_EXERCISE INSTRUCTIONS_
With pictures left out, please repeat word for word the lines from the one containing "Prezentare generală iMovie" through the end of the records.

Crawled caption data:

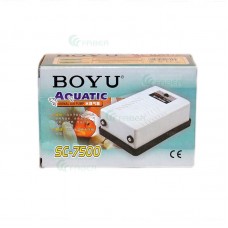 Pompa aer acvariu BOYU SC-7500 2*1.5 L/min 3.5 W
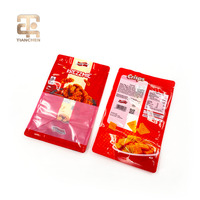 Sachet d'emballage alimentaire personnalisé pour chips, pochette verticale avec fenêtre transparente pour la promotion de la marque de snacks, usine OEM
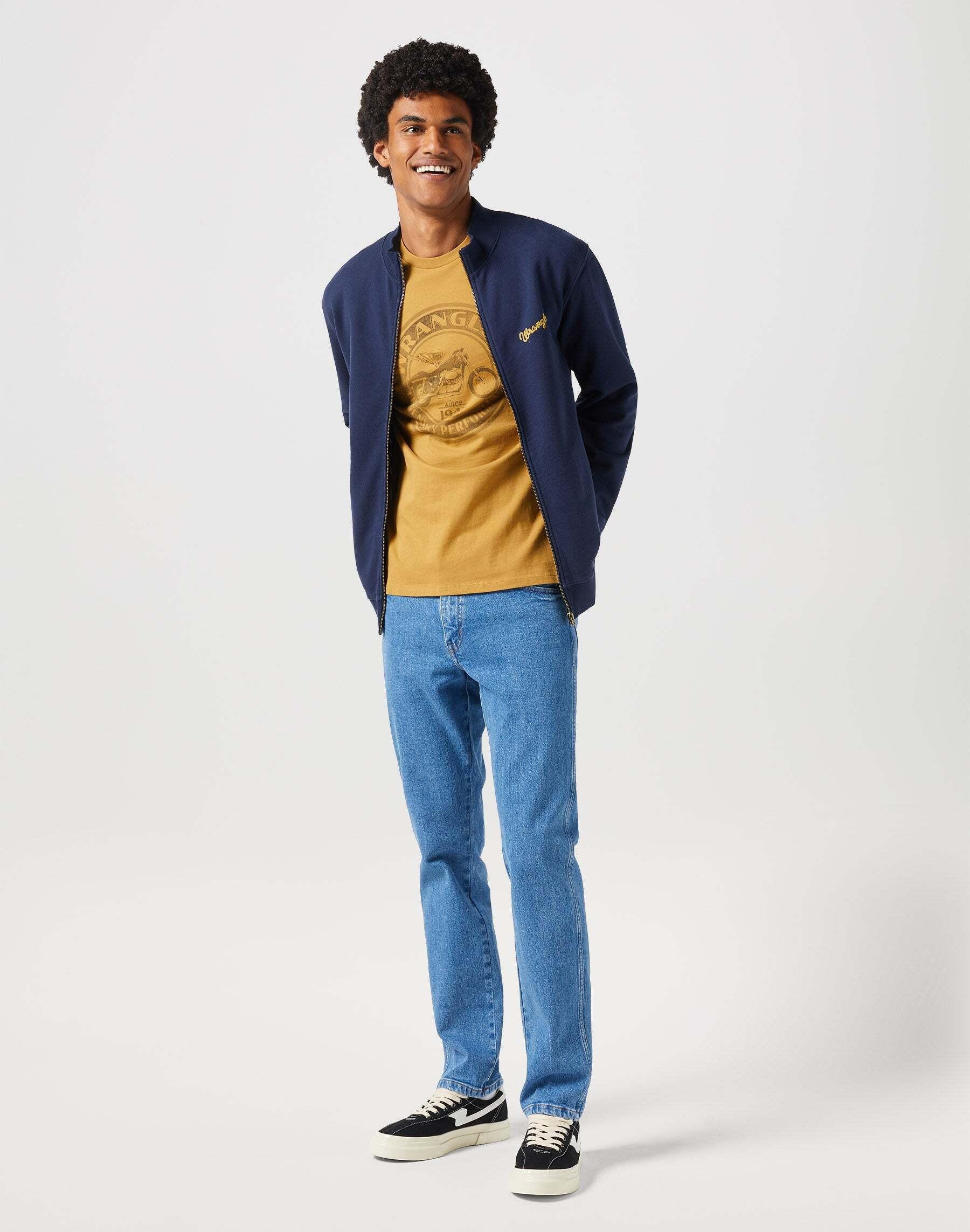 Wrangler Sweatshirts Funnel Neck Zip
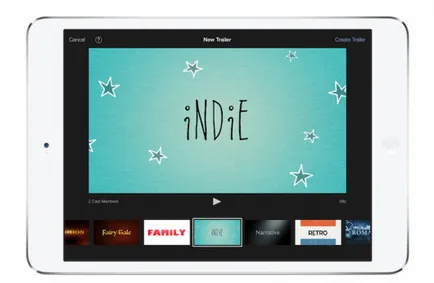 Prezentare generală iMovie pentru ios, recenzii de la icanto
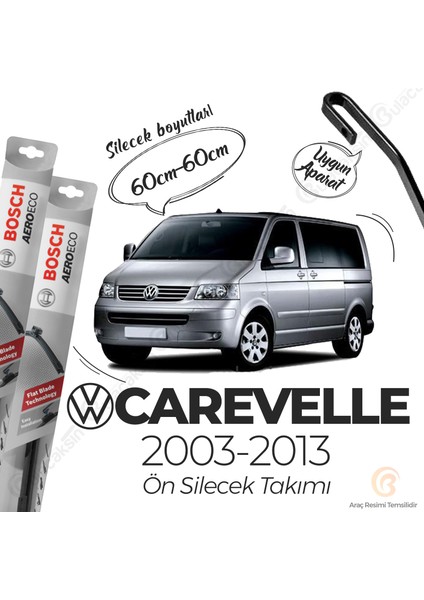 Volkswagen Caravelle T5 Muz Silecek Takımı (2003-2013) Bosch Aeroeco fiyatları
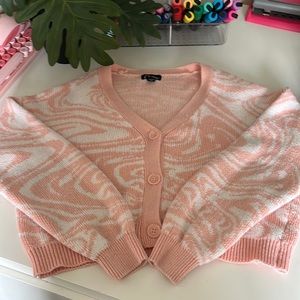 Pink Swirl Cardigan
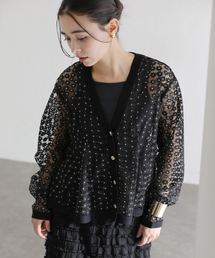 La TOTALITE | 【洗える】フラワーレースカーディガン(カーディガン/ボレロ)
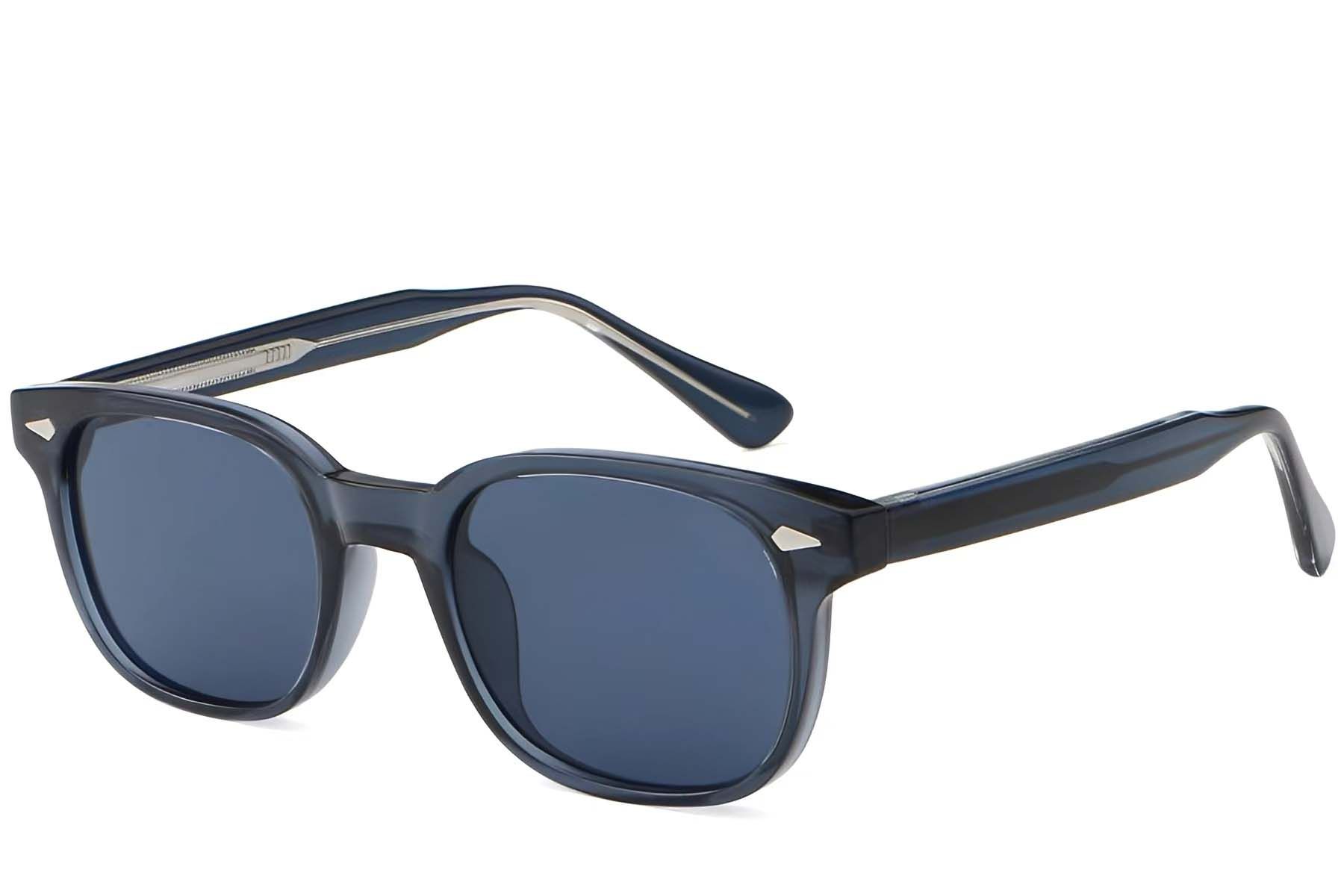 Rectangular Blue Plastic Sunglasses #BS2503-0183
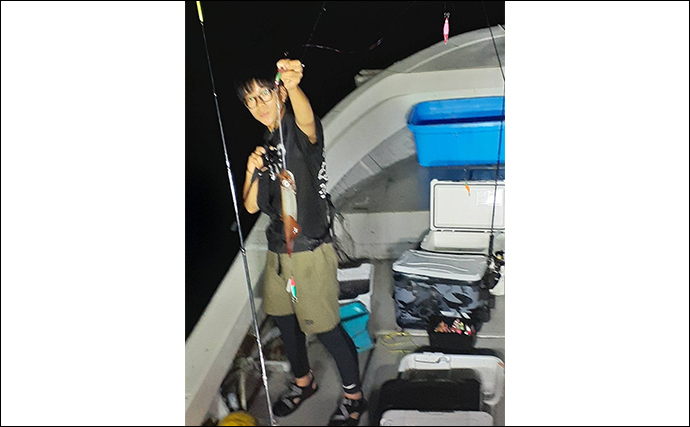 【釣果速報】大分沖の夜焚きイカ釣りでケンサキイカ好ヒット（大分・熊本）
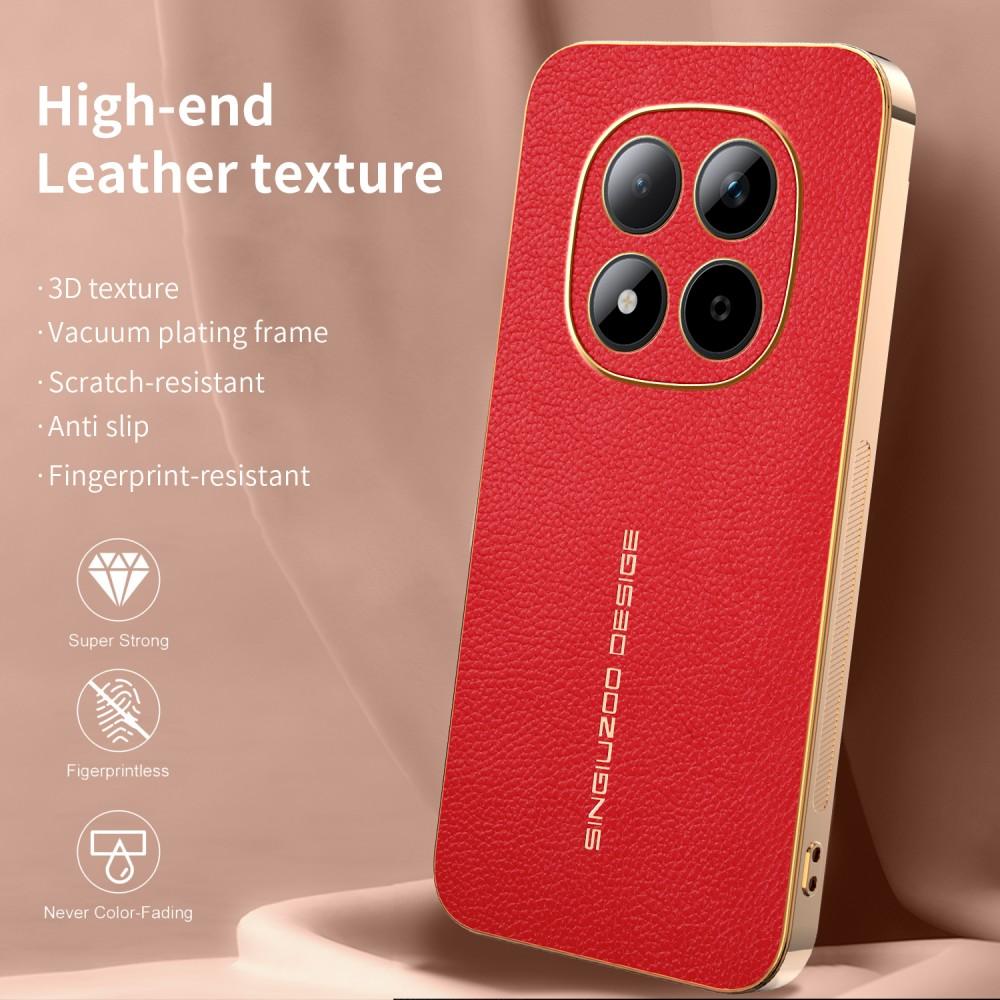 Модный чехол для телефона с узором «ли Чи» для XiaoMi RedMi Note 15 Pro 5G, жесткий ПК-чехол, защитная рамка с покрытием, противоударная задняя крышка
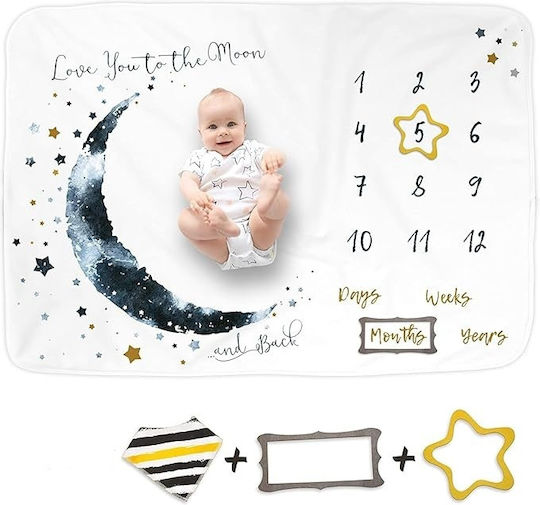 Milestone Cearsaf pentru Fotografierea Bebelușului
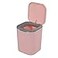 Hommp 05 Gallon Tiny Countertop Trash Can Mini Desktop Garbage Can with PushButton Pink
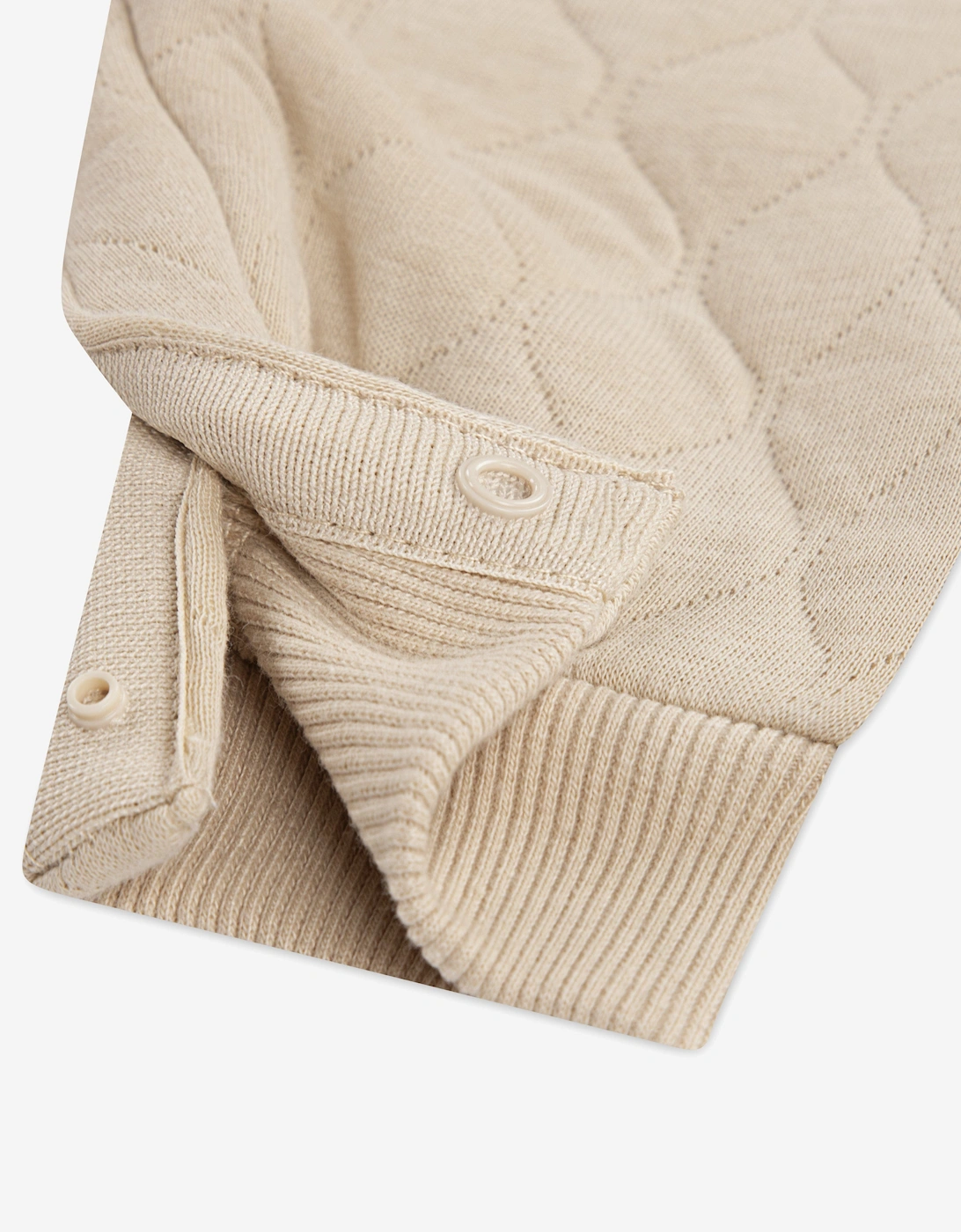 Baby Readyset Coverall in Beige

_REPLY TO THE TASK_
 Prezentare generală iMovie pentru ios, recenzii de la icanto
 Volkswagen Caravelle T5 Muz Silecek Takımı (2003-2013) Bosch Aeroeco fiyatları
 Pink Swirl Cardigan
 La TOTALITE | 【洗える】フラワーレースカーディガン(カーディガン/ボレロ)
 Rectangular Blue Plastic Sunglasses #BS2503-0183
 【釣果速報】大分沖の夜焚きイカ釣りでケンサキイカ好ヒット（大分・熊本）
 Модный чехол для телефона с узором «ли Чи» для XiaoMi RedMi Note 15 Pro 5G, жесткий ПК-чехол, защитная рамка с покрытием, противоударная задняя крышка
 Milestone Cearsaf pentru Fotografierea Bebelușului
 Hommp 05 Gallon Tiny Countertop Trash Can Mini Desktop Garbage Can with PushButton Pink
 Baby Readyset Coverall in Beige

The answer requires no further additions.